Material provided:
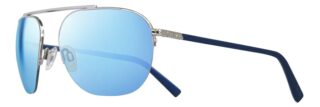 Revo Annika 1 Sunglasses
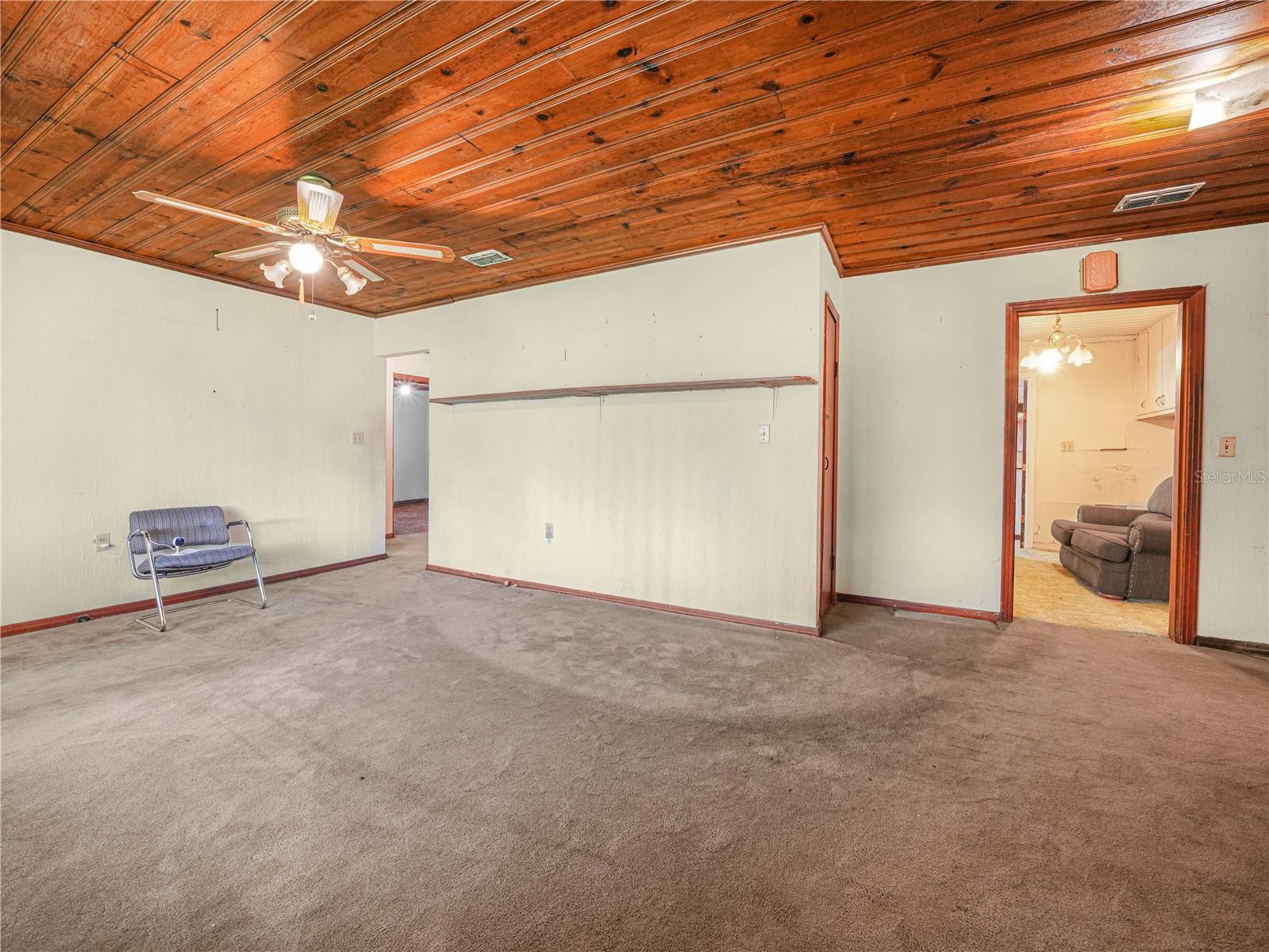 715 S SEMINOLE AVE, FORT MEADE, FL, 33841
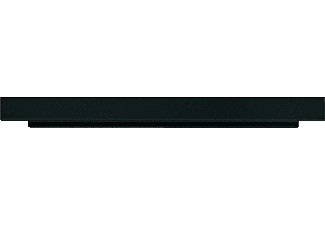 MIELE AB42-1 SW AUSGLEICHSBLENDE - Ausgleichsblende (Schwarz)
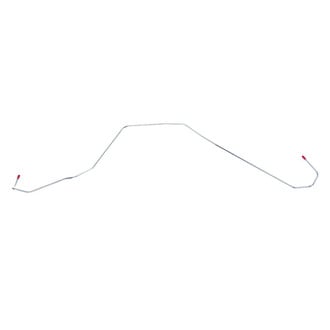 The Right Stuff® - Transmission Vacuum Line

About this exercise:
After locating the line that holds "715 S SEMINOLE AVE, FORT MEADE, FL, 33841", output exactly the lines from it through the last line of the material above, inclusive, without pictures.

Answer space:
 715 S SEMINOLE AVE, FORT MEADE, FL, 33841
 MIELE AB42-1 SW AUSGLEICHSBLENDE - Ausgleichsblende (Schwarz)
 The Right Stuff® - Transmission Vacuum Line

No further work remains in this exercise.